Fast forward a few years and I knew it was time. There is only so much practice you can do before you just have to do the real thing. I learned a lot building this frame and it went a whole lot better than expected. Though I am not yet ready to offer Ti frames for sale, I am confident that I should have them ready to roll by the end of the year.

Anyhow, this bike is based off of my team SSCX bike from last fall. That bike is still one of my favorites, though it was built as a stock size and 56cm is a touch small for me. So this design got a little larger, but the handling is still very similar. 

Though I race 10-15 cross races each fall, I ride my bike most days that there isn't snow on the ground here in Montana, so building a bike that is strictly for racing isn't the best choice for me. This geometry isn't quite as twitchy and fast as your traditional CX race bike. It is however awesome for long days on gravel or short after work spins up the many logging roads we have in town, even super fun rattling down some single track. And you know what? when it is time to go race, it is a bike I love, have spent a lot of time on, and feel super comfortable with. It's an all arounder and it is the only cross bike that I need. Especially because the PMW sliding dropouts allow me to make it a single speed for racing or geared for all around riding.

I am looking forward to getting a few more titanium prototypes out the door. This material is fun to work with and even better to ride. Here's to more of the riding part.

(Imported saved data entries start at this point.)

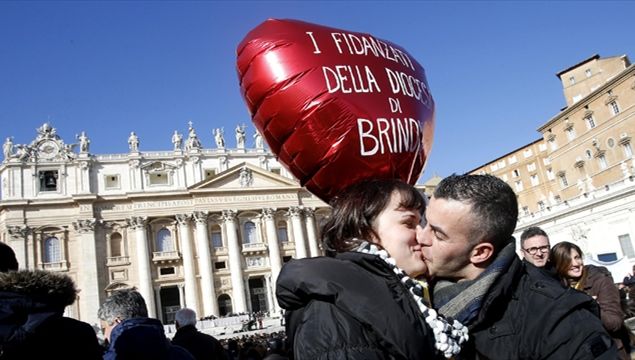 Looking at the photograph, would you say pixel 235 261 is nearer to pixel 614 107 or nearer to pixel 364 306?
pixel 614 107

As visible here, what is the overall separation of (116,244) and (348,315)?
40.5 metres

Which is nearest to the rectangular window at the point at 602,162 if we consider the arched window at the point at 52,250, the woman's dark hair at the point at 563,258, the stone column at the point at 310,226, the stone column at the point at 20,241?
the stone column at the point at 310,226

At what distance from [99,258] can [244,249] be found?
10.4m

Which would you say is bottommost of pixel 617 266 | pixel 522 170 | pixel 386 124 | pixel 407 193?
pixel 617 266

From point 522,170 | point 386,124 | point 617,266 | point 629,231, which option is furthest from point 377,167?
point 522,170

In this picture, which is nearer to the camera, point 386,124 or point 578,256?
point 386,124

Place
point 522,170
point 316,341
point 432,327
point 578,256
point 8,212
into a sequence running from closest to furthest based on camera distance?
point 316,341, point 432,327, point 578,256, point 8,212, point 522,170

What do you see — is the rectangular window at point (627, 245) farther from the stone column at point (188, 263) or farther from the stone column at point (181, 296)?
the stone column at point (181, 296)

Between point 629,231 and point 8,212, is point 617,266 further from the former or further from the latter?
point 8,212

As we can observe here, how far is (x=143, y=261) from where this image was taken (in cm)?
3803

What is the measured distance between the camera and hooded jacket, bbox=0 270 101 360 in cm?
234

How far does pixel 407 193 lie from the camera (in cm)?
223

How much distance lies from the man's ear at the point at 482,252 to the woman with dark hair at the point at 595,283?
229 centimetres

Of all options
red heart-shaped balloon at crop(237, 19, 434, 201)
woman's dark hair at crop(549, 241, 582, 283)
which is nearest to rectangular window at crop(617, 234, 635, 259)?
woman's dark hair at crop(549, 241, 582, 283) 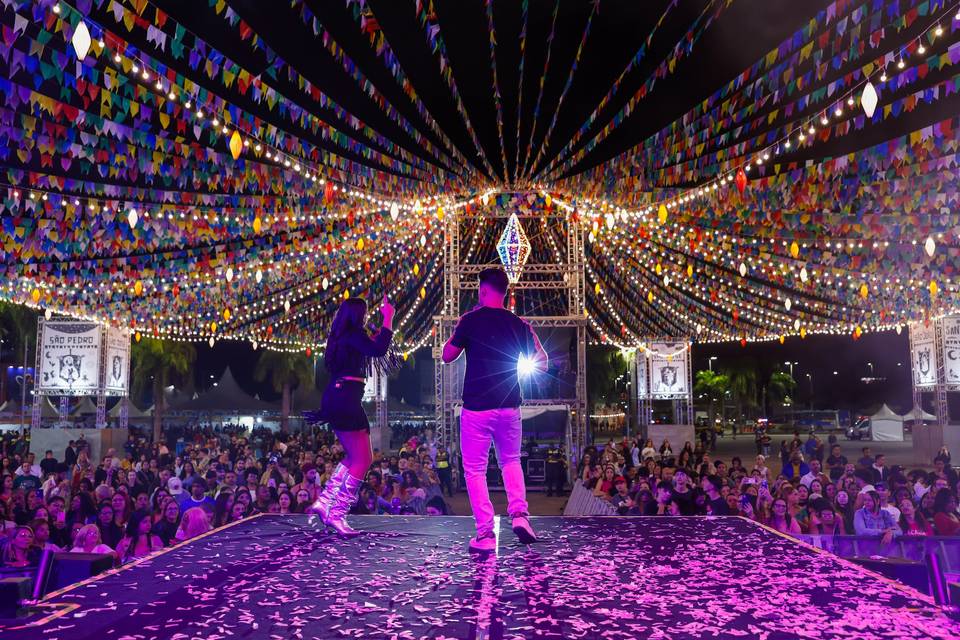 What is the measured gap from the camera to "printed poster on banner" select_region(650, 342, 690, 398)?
2345cm

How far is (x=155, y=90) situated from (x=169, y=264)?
737 centimetres

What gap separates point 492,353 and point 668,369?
2026 cm

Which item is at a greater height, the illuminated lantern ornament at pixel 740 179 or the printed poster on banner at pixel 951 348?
the illuminated lantern ornament at pixel 740 179

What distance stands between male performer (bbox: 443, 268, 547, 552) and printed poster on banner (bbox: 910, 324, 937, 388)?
2149 centimetres

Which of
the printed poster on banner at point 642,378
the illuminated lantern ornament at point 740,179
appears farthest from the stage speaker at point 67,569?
the printed poster on banner at point 642,378

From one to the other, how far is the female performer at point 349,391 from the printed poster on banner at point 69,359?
1628 centimetres

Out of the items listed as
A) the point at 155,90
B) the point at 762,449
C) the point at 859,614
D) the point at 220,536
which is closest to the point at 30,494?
the point at 155,90

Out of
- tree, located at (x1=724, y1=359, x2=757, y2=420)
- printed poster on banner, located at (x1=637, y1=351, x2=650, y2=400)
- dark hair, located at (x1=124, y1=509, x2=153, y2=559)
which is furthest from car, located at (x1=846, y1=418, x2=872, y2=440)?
dark hair, located at (x1=124, y1=509, x2=153, y2=559)

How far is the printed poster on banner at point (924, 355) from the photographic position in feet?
70.0

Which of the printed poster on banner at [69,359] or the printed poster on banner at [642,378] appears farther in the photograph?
the printed poster on banner at [642,378]

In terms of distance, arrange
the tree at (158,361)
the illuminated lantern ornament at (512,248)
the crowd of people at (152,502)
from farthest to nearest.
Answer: the tree at (158,361) < the illuminated lantern ornament at (512,248) < the crowd of people at (152,502)

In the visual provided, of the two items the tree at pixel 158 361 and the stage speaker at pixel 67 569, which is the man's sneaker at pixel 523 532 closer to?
the stage speaker at pixel 67 569

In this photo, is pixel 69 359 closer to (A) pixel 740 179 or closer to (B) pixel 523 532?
(A) pixel 740 179

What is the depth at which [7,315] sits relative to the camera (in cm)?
2583
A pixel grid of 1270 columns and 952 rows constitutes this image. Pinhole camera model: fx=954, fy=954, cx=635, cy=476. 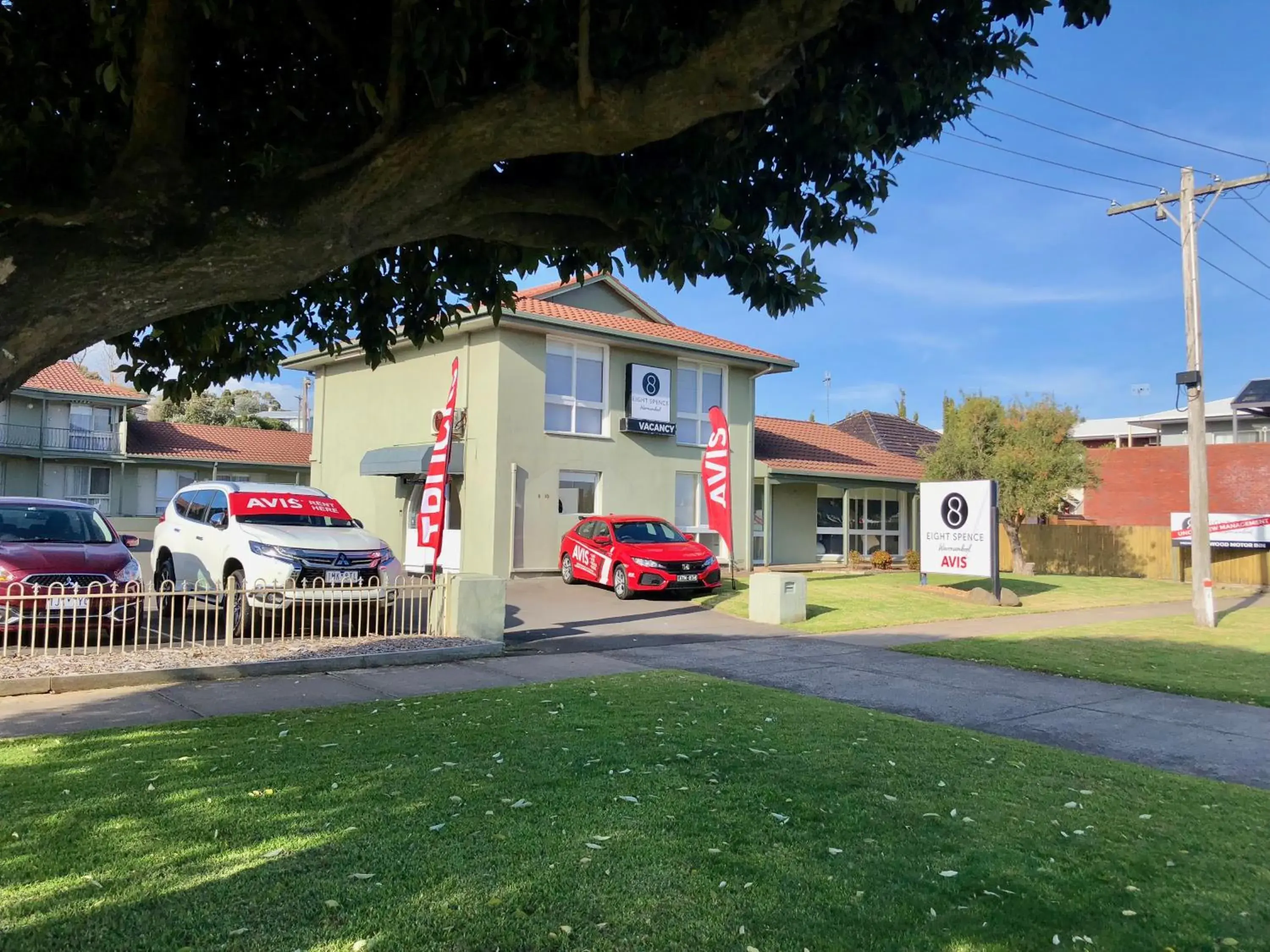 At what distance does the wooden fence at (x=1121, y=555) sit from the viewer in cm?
2728

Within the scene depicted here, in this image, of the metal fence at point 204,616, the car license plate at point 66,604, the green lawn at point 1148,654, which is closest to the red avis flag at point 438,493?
the metal fence at point 204,616

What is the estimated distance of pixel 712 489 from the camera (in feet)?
62.5

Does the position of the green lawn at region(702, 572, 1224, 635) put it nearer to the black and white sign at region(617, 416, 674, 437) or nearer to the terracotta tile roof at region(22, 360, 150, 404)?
the black and white sign at region(617, 416, 674, 437)

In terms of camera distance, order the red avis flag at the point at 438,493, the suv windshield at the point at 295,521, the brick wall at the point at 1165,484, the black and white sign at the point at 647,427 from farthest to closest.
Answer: the brick wall at the point at 1165,484 → the black and white sign at the point at 647,427 → the red avis flag at the point at 438,493 → the suv windshield at the point at 295,521

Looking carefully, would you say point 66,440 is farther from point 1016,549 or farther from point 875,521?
point 1016,549

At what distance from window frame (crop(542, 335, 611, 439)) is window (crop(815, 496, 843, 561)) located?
31.2 ft

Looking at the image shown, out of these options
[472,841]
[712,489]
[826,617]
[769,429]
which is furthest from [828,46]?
[769,429]

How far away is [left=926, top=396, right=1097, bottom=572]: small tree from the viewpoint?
28688mm

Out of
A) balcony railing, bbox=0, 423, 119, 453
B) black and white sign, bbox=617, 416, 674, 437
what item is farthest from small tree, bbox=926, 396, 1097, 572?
balcony railing, bbox=0, 423, 119, 453

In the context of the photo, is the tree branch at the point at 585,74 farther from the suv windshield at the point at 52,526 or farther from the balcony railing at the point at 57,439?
the balcony railing at the point at 57,439

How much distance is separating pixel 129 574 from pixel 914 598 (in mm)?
14241

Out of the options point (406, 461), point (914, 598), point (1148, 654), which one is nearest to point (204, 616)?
point (406, 461)

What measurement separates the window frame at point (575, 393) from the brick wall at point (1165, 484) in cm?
1859

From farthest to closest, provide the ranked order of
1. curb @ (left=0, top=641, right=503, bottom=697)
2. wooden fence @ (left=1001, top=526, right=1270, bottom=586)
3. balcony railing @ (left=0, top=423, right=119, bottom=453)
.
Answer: balcony railing @ (left=0, top=423, right=119, bottom=453) → wooden fence @ (left=1001, top=526, right=1270, bottom=586) → curb @ (left=0, top=641, right=503, bottom=697) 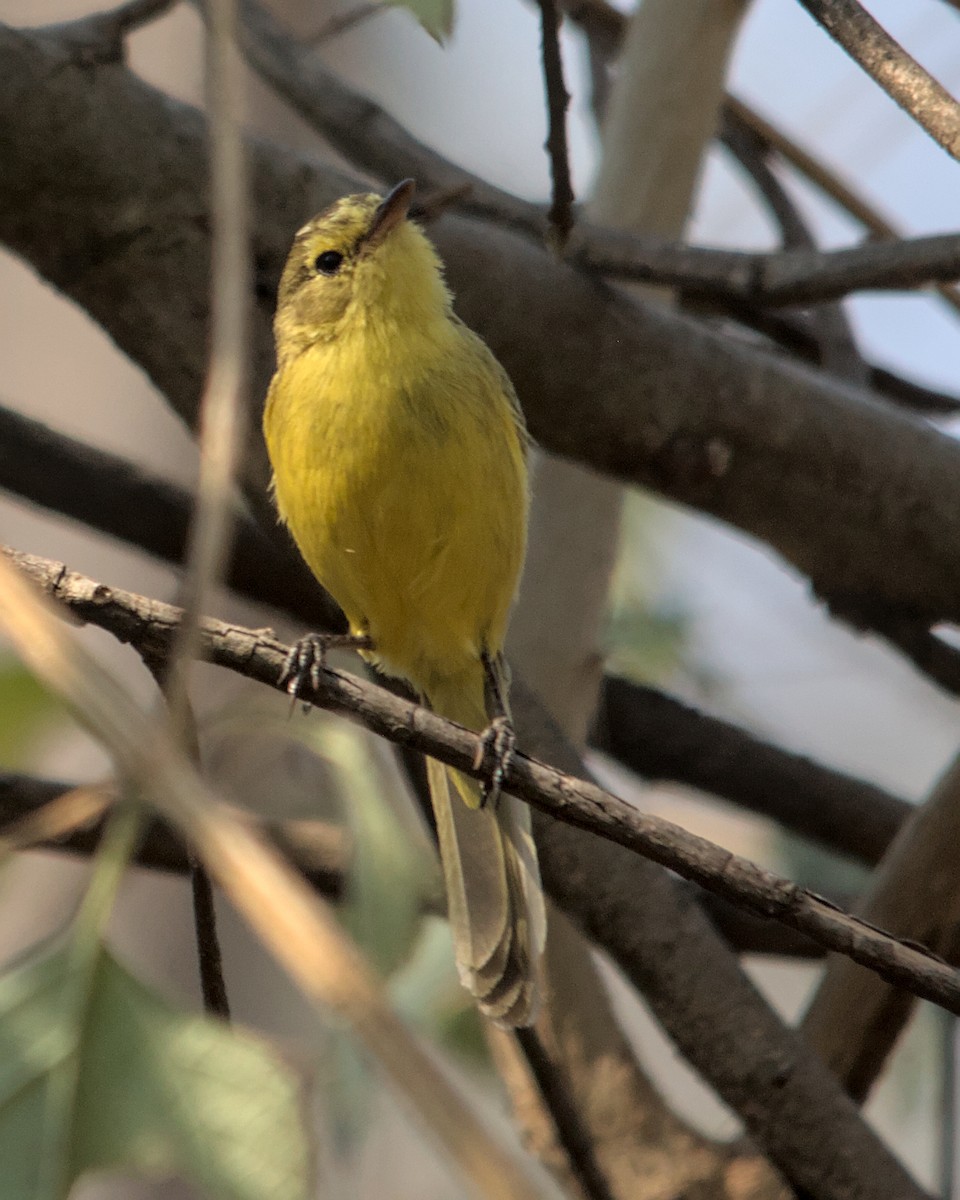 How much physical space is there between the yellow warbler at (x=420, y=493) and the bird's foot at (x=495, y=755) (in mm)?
212

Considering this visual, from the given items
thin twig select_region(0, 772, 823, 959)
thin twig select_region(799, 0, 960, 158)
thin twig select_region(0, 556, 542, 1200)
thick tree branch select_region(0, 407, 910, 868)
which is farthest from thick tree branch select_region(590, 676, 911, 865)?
thin twig select_region(0, 556, 542, 1200)

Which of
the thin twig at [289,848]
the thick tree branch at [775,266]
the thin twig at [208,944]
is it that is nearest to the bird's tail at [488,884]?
the thin twig at [289,848]

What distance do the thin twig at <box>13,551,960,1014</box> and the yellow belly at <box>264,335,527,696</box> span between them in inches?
44.4

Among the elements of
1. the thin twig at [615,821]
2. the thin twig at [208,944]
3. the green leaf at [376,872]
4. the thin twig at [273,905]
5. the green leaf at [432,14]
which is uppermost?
the green leaf at [432,14]

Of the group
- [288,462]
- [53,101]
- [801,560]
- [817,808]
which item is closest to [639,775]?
[817,808]

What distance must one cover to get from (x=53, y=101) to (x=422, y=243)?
0.83m

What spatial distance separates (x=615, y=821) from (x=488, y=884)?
3.76 feet

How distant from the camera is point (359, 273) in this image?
11.4 feet

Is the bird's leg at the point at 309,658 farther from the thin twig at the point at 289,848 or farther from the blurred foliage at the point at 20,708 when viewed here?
the blurred foliage at the point at 20,708

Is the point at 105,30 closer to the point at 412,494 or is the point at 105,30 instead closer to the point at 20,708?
the point at 412,494

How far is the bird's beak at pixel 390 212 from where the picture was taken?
329cm

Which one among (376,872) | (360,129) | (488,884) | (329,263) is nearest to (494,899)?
(488,884)

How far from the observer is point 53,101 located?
3.08 meters

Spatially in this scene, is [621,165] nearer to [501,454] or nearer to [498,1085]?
[501,454] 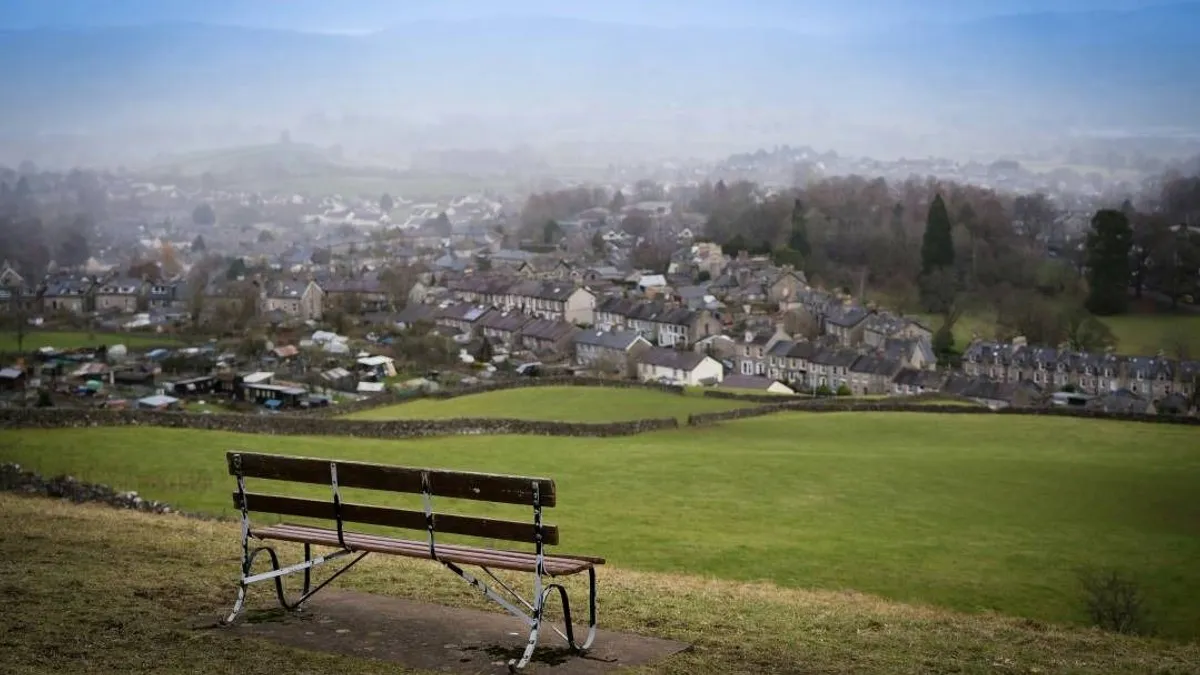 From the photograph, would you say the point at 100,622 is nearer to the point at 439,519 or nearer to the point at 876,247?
the point at 439,519

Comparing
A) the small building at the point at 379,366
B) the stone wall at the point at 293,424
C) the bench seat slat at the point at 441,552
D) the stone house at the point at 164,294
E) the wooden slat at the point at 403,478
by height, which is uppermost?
the wooden slat at the point at 403,478

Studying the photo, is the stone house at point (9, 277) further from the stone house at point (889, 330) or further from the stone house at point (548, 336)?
the stone house at point (889, 330)

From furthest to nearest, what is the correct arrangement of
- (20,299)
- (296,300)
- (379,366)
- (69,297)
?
1. (296,300)
2. (69,297)
3. (20,299)
4. (379,366)

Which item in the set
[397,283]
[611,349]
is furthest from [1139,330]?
[397,283]

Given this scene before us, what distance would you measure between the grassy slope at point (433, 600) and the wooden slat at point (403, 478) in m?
1.20

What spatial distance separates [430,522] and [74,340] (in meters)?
56.2

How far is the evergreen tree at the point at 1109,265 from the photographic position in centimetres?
6681

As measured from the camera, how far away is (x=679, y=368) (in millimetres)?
58531

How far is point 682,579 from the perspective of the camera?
13.1m

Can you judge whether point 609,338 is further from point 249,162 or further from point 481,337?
point 249,162

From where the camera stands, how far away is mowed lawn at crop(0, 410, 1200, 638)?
17.1 m

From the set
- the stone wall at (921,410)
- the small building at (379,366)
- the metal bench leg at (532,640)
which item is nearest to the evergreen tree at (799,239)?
the small building at (379,366)

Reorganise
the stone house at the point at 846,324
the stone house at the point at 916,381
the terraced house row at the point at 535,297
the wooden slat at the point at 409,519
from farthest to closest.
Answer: the terraced house row at the point at 535,297, the stone house at the point at 846,324, the stone house at the point at 916,381, the wooden slat at the point at 409,519

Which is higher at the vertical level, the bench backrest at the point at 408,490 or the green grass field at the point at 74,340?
the bench backrest at the point at 408,490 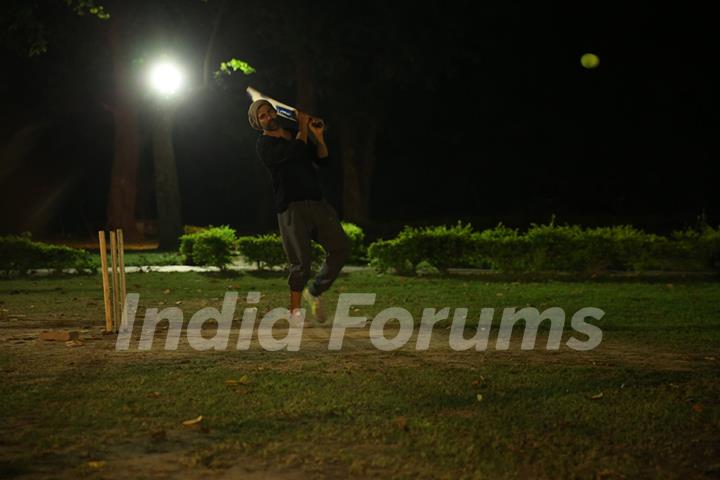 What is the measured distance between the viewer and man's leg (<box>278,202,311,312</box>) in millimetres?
9102

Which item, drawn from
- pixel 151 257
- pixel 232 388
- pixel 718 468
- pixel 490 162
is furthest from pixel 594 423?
pixel 490 162

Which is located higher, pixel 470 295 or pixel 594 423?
pixel 594 423

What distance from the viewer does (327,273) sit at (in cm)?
924

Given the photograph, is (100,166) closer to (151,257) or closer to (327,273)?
Answer: (151,257)

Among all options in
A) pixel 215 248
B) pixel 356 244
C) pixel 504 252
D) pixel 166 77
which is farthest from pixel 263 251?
pixel 166 77

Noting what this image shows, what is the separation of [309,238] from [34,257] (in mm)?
10139

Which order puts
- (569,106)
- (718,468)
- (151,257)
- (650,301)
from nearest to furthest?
(718,468) → (650,301) → (151,257) → (569,106)

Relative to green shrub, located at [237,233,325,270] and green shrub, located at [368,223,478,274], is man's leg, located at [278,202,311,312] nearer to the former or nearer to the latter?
green shrub, located at [368,223,478,274]

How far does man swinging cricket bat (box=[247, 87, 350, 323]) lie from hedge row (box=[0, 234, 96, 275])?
31.7 feet

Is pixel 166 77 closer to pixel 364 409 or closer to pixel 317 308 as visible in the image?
pixel 317 308

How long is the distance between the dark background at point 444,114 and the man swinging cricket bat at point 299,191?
21.1 m

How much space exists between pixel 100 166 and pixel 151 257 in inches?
835

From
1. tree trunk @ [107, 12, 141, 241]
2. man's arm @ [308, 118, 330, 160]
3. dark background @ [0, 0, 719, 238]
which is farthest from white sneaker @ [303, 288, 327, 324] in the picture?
tree trunk @ [107, 12, 141, 241]

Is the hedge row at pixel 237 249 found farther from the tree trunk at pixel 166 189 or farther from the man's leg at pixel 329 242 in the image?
the tree trunk at pixel 166 189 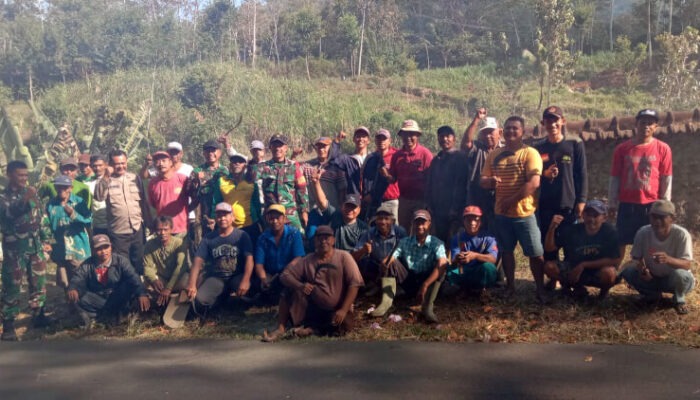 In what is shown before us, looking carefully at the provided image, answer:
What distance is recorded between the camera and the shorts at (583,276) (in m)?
6.55

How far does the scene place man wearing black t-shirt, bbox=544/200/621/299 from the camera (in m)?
6.47

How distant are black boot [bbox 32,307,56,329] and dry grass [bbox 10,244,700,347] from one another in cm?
21

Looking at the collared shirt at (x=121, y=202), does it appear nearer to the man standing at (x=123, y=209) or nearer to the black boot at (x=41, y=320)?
the man standing at (x=123, y=209)

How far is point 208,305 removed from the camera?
284 inches

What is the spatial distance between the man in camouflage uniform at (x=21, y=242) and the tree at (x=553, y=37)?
56.0ft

Marcia's Custom 27.5" Mountain Bike

Marcia wanted a bike for riding the trails where she lives in Santa Cruz, CA - A place I have been lucky enough to ride a few times and would always go out of my way ride.

After riding 26 for years and then trying out 29" wheels, Marcia wanted to give 27.5" a try. More of a traditionalist this bike features no dropper, clearance for 2.5" tires and a really nice all around geometry. If you know what you like, then stick with it!

Can't wait for this thing to get out on the trail!

Drew's 29+ Singlespeed in Curry and Turquoise

Drew Contacted me last fall looking for a new mountain bike. After years on a custom bike by another builder, Drew had dabbled in the world of plus tires on a Surly Krampus, but he knew the geometry and compatibility was not quite what he wanted. We worked together to design drew just the bike he wanted: Something that climbs well, but can really open up on the descents. A plus bike that takes advantage of high volume and loads of traction, but doesn't feel bogged down. We also designed around a 140mm fork and a dropper seat post. Oh, and the bike had to be ready for the road trip he was planning through Idaho, Wyoming and Montana before he took the bike back home to Colorado.

It was really fun to have Drew come pick the bike up at the shop here in Bozeman. Getting to see his excitement on the first ride was a privilege - making people happy on their bikes is why I do this.

Drew and I were also able to talk a lot while we rode and went out for beers after. One of the things we discussed was what the custom bike experience is about. Whether you buy a bike from me or another builder, you are not just getting a bike out of the deal, but a relationship with someone who hears your needs and wants - someone who really gets to know you in regards to your riding and sometimes even more, and that is really cool. I have had the pleasure of meeting some great people building bikes and I am happy that I can continue to do so. Always happy to have customers come pick up their new ride.